Police conduct is usually reviewed in court, after the fact, by using people’s memory and notes taken at the time. Our justice system depends on the testimony of police officers to operate. There have been many incidents of police officers lying about what occurred at arrests or during incidents.
Famously, Robert Dziekański was killed on October 14, 2007, in an incident involving a number of police officers. All of the officers offered the same story about what had actually happened. However, a video of the incident surfaced showing that the police officers’ version of events was not accurate. The fact that all of the officers came up with exactly the same wrong story shows that, in this particular case, the officers were not telling a version that was true, and the version they recalled seemed to serve their best interests rather than relieving the truth.
Had there been no video of Dziekanski’s interaction with police, the world may have believed the false and inaccurate testimony of a number of officers. Assertions that the police colluded and lied would have been very difficult to successfully advance.
Constable Kwesi Millington was convicted of perjury and colluding with other officers prior to giving testimony at an inquiry and sentenced to a 30 month custodial sentence. The other three officers are still working as police officers in Canada.
Robert Dziekanski’s case shows the difficulty in undermining the credibility of police testimony, and the reluctance of the system to find as a fact that a police officer is lying.

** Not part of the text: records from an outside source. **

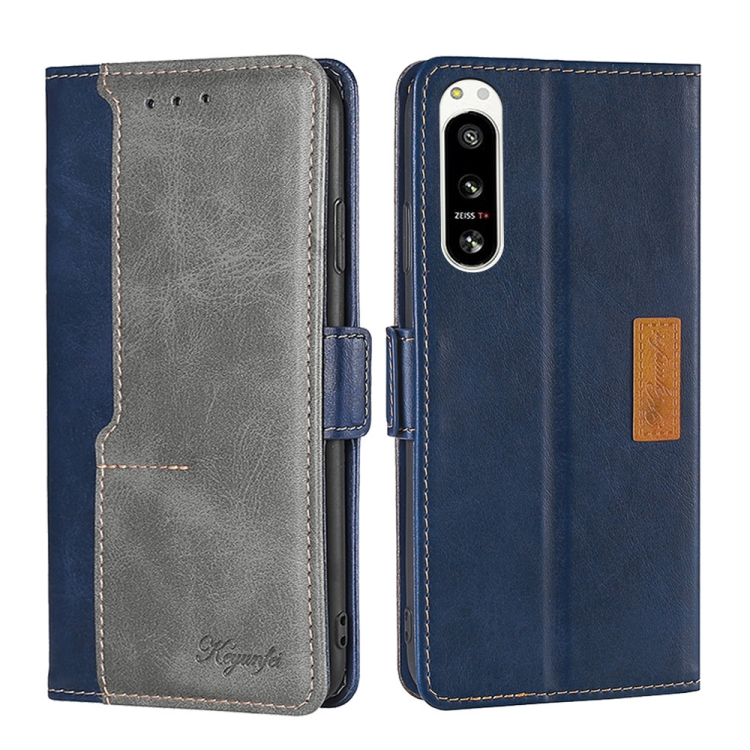 For Sony Xperia 5 IV Contrast Color Side Buckle Leather Phone Case(Blue + Grey)
For Sony Xperia 5 IV Contrast Color Side Buckle Leather Phone Case(Blue + Grey)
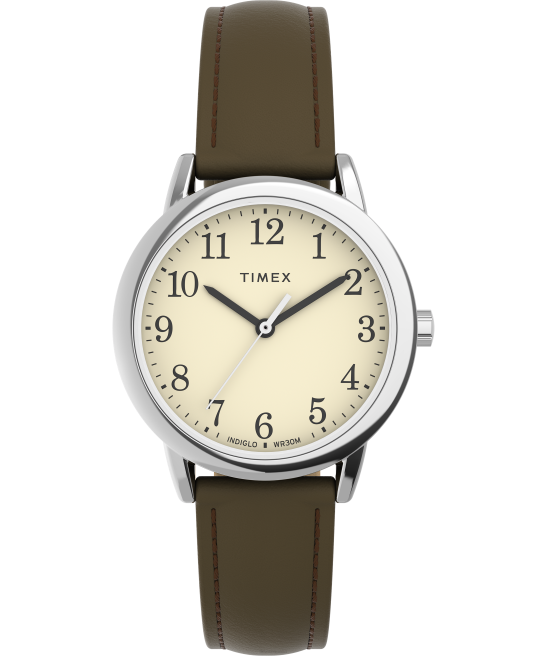 relojes | Timex Reloj Easy Reader de 30 mm con correa de cuero ajustable de una sola vez tono plateado/marrón/crema mujer Z8X2396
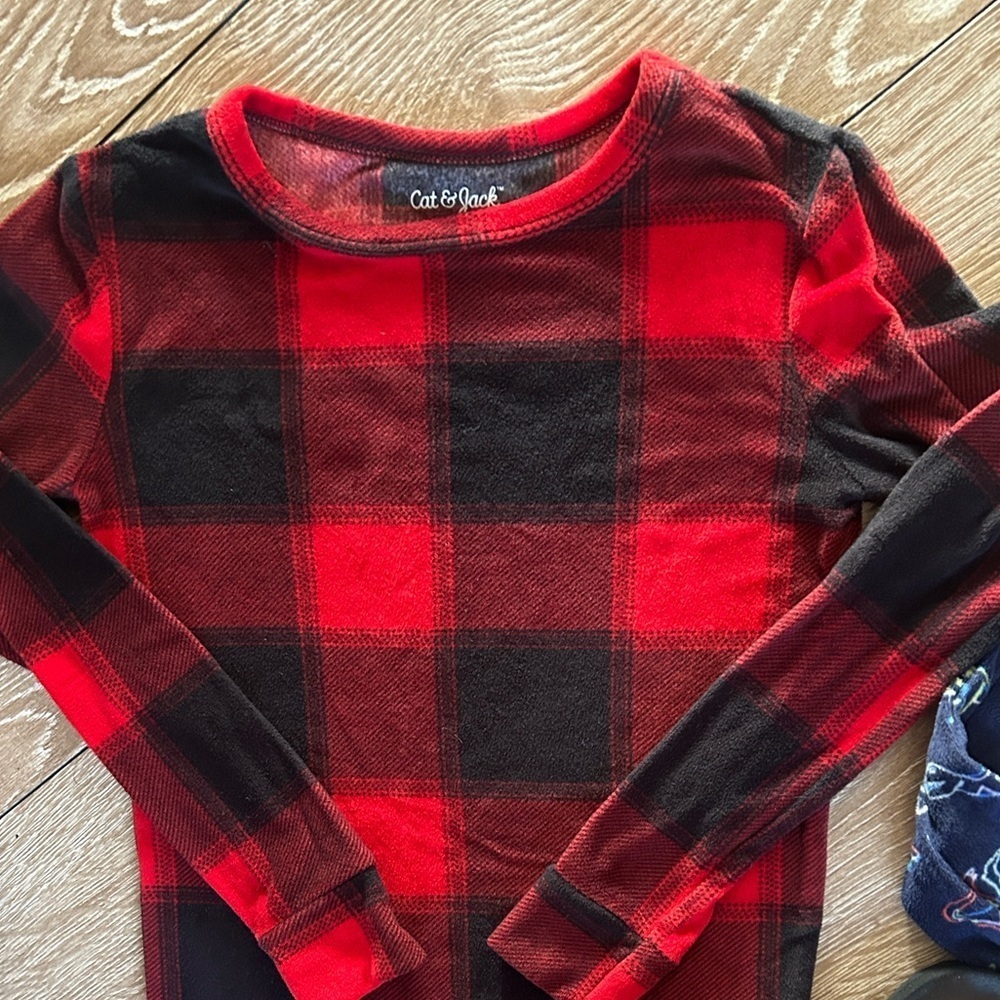 Bundle .. Cat & Jack Red and Black Plaid Pajama Top - Picture 3 of 10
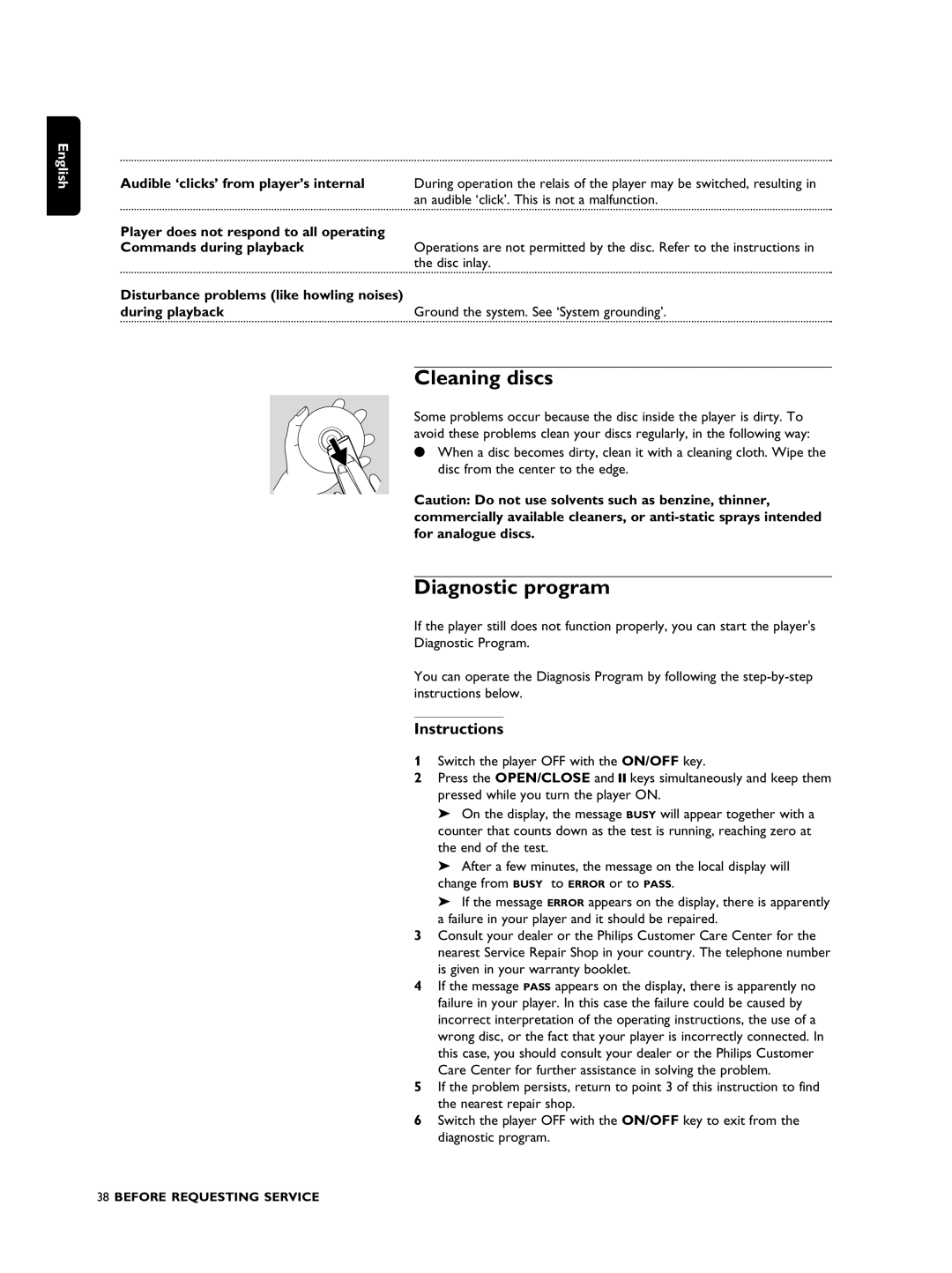 Philips SACD1000 manual Cleaning discs, Diagnostic program, Instructions 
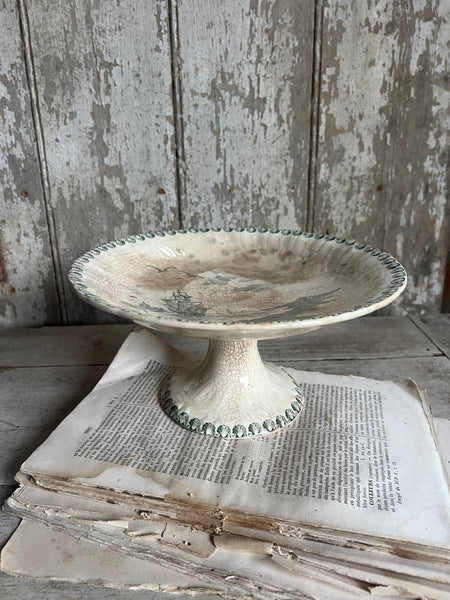 Beautiful French Transferware raised dish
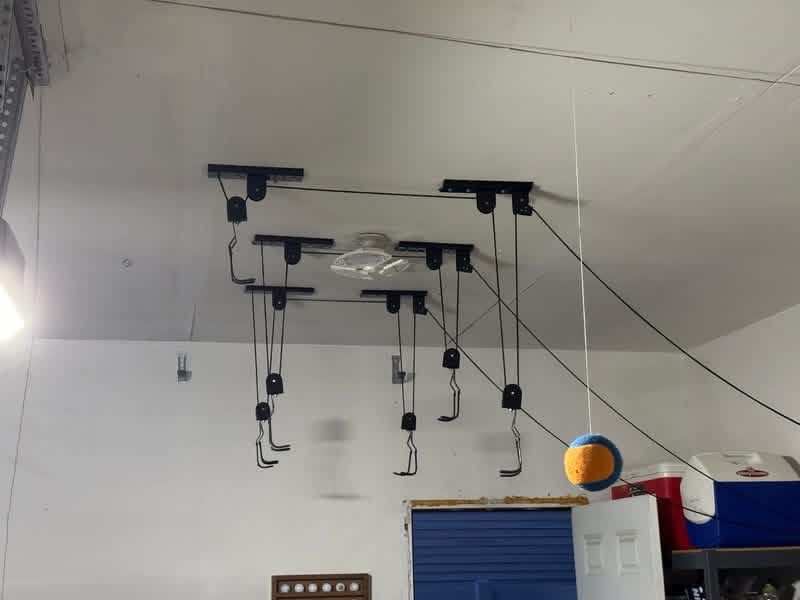 Ceiling Mount Bike Hoist Pulley System - Garage Storage Rack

The following is a recent incident caught on video by someone in Toronto of police beating up a man, Santokh Bola. The police in the video outnumber the person they are beating and repeatedly strike him about his body, head and face. It looks like he had been subdued very early in the beating, and the police carry on inflicting damage for a purpose the could be something other than controlling or arresting him.
Police say that the video doesn’t show the whole story (from CBC), and are arguing that the use of force was justified. No charges were laid against Mr. Bola. Police said he matched the description of another suspect.
Even with the video, Mr. Bola has a long road ahead of him if he hopes that charges will be laid against the officers that beat him. If the video didn’t exist, it is possible that Mr. Bola’s version of events and testimony could very well not have been preferred to the testimony of numerous officers at the scene.
People seem to have decided that it’s time to start video taping the police. If you are being arrested, or are a witness to an arrest, then you are probably better off if you have a tape of the interaction. My advice is to always be cooperative and polite when interacting with police. However, having a video or audio recording of the interaction may afford you some protection if the police breach you rights or lie about what happened.
One last point. If Constable Millington had known about the video, he may have been able to tailor his evidence to match the tape. The fact that Milllington put his version on the record before becoming aware there was a video meant that when the video surfaced, it was too late for him to change his story.